In the listing that follows, find the line with "Газовая горелка DAYREX-42", then copy exactly from it through the line with "小岛秀夫揭秘:玛玛出演真相,短片核心语义曝光", leaving out every picture.

EXTRACTED ENTRIES START

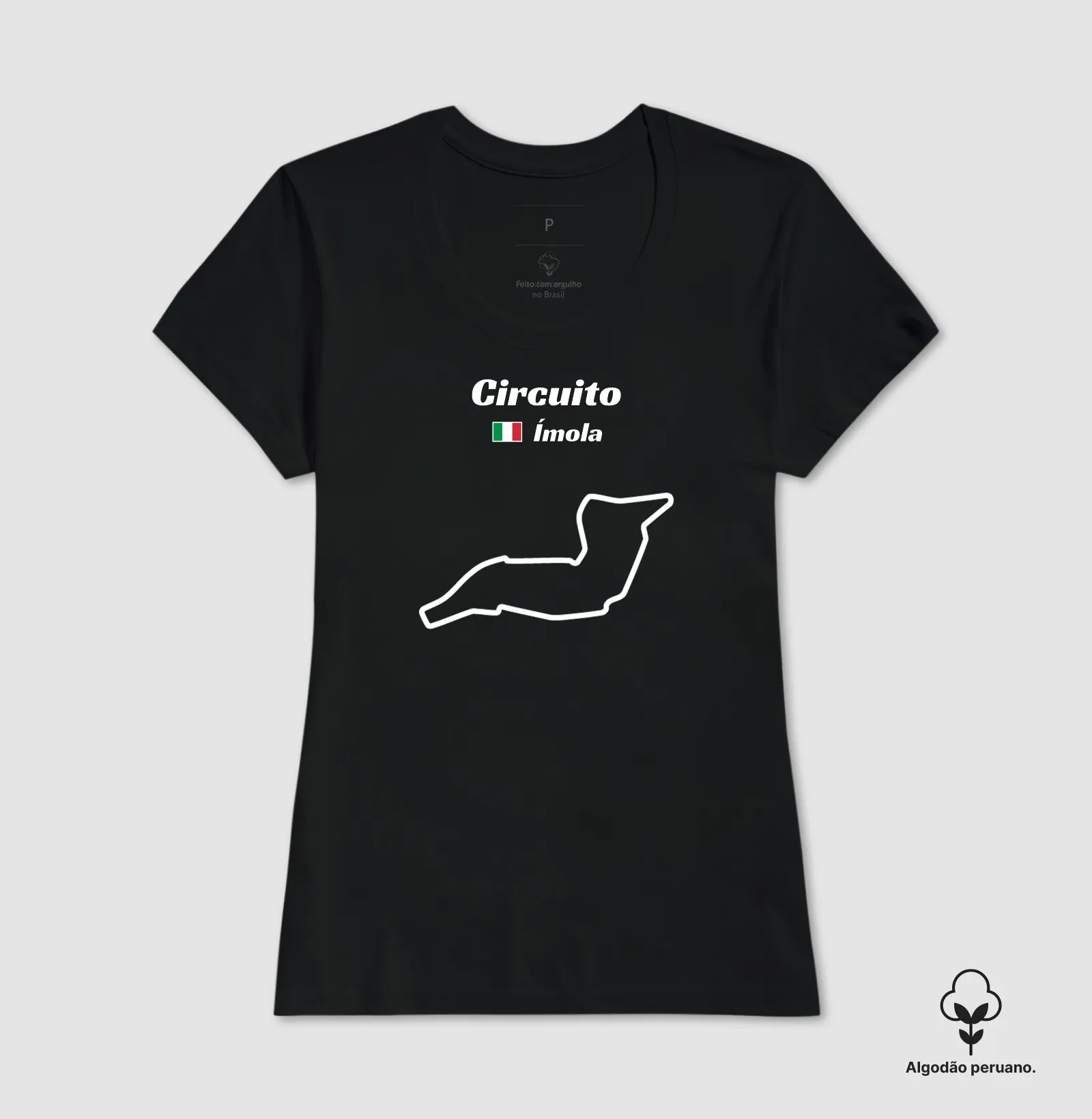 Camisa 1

EXTRACTED ENTRIES END
EXTRACTED ENTRIES START

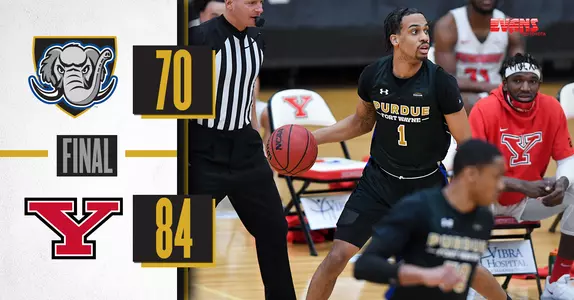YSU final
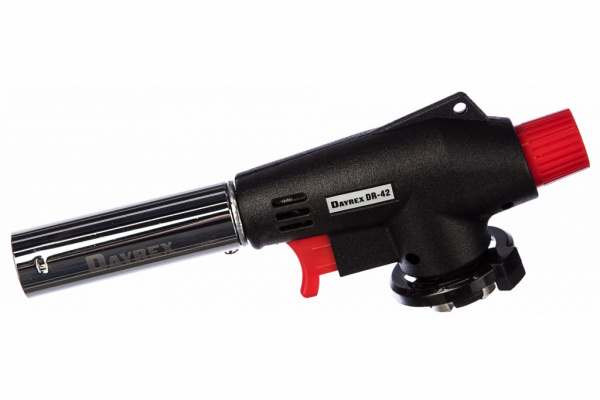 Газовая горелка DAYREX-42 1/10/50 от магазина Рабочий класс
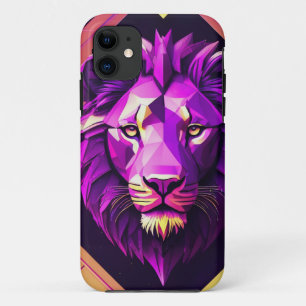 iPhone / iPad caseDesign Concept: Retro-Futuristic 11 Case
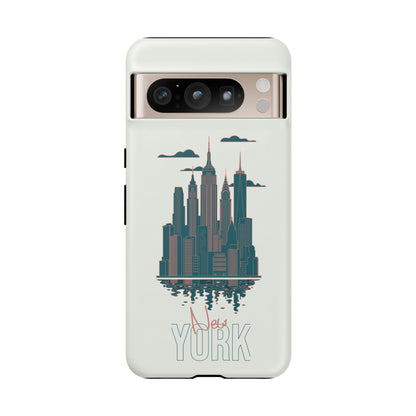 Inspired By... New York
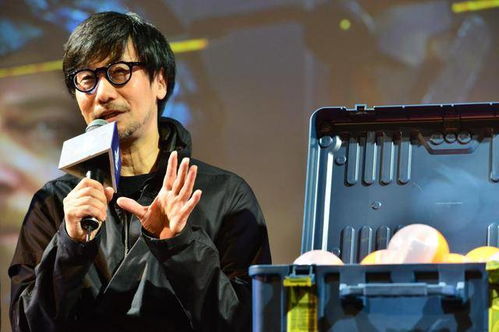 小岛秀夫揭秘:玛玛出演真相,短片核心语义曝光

EXTRACTED ENTRIES END

◆ TASK OUTPUT:
 Газовая горелка DAYREX-42 1/10/50 от магазина Рабочий класс
 iPhone / iPad caseDesign Concept: Retro-Futuristic 11 Case
 Inspired By... New York
 小岛秀夫揭秘:玛玛出演真相,短片核心语义曝光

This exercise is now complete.